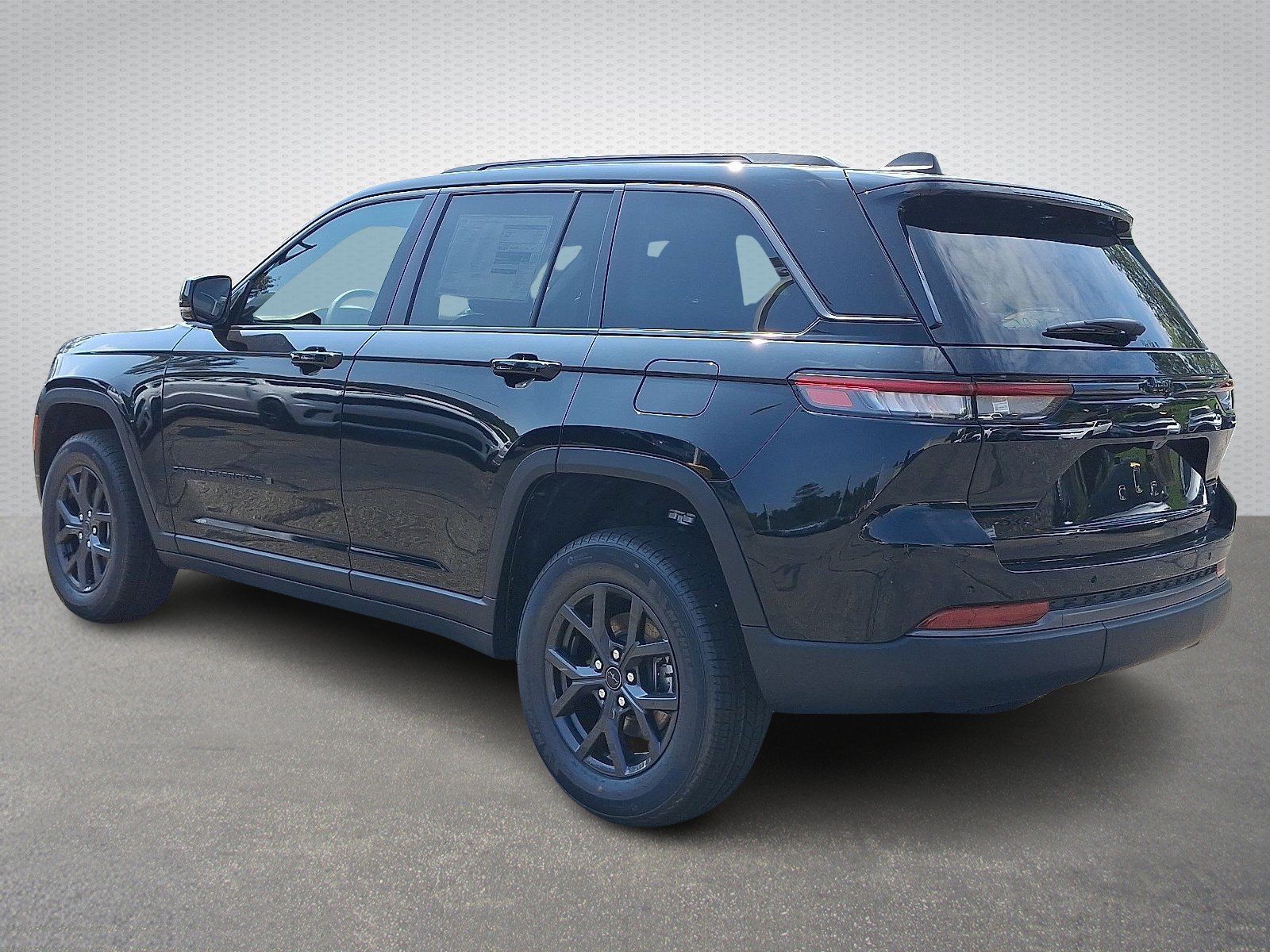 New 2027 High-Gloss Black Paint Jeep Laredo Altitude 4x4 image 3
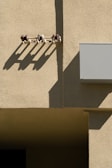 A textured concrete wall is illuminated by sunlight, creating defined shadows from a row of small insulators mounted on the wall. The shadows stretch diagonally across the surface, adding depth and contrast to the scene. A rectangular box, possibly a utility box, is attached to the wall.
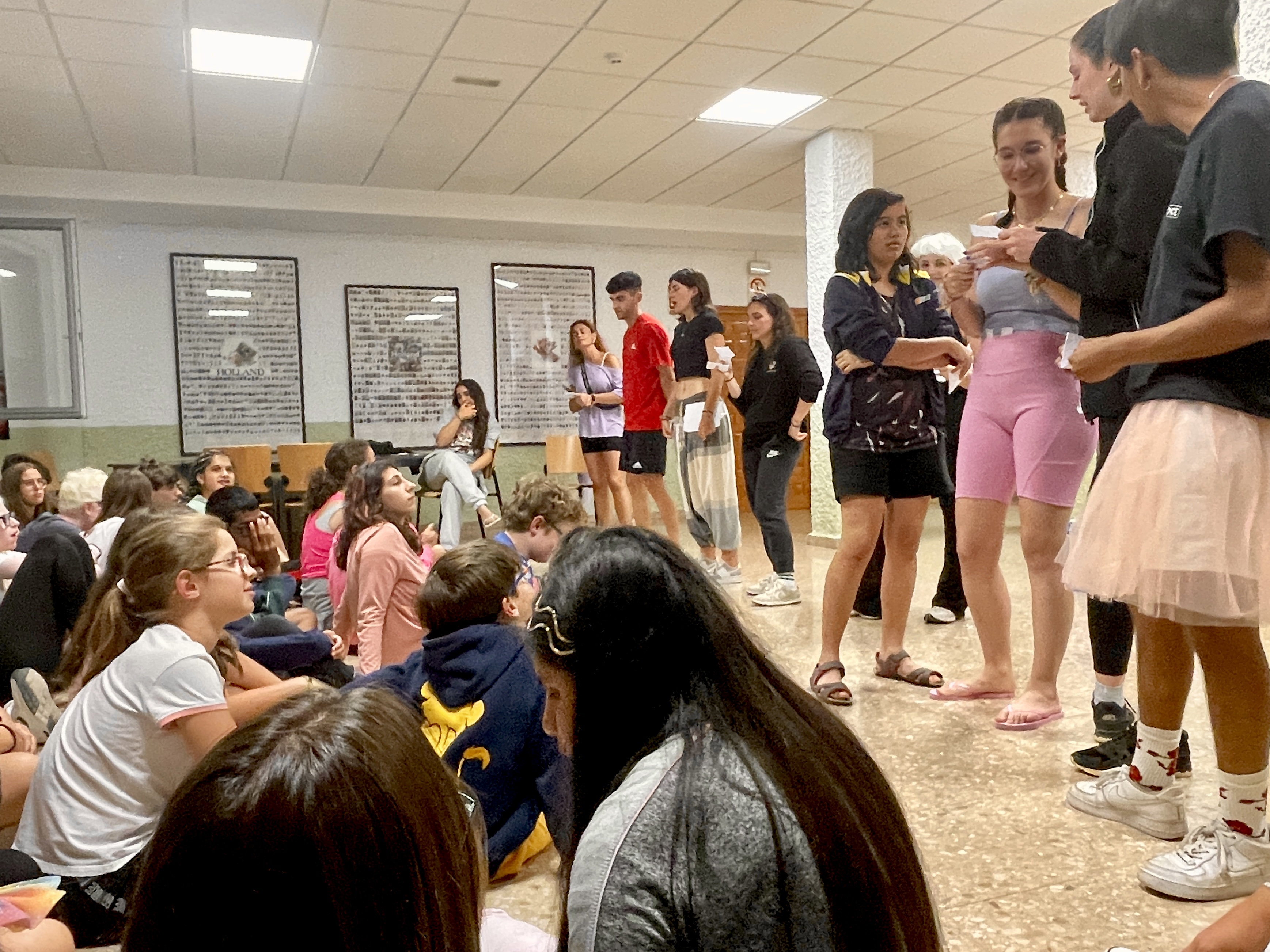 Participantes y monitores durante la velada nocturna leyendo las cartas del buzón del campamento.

> [Problem statement]:
Output the listing exactly, without images.

> [Exercise answer]:
 New 2027 High-Gloss Black Paint Jeep Laredo Altitude 4x4 image 3
 A textured concrete wall is illuminated by sunlight, creating defined shadows from a row of small insulators mounted on the wall. The shadows stretch diagonally across the surface, adding depth and contrast to the scene. A rectangular box, possibly a utility box, is attached to the wall.
 Participantes y monitores durante la velada nocturna leyendo las cartas del buzón del campamento.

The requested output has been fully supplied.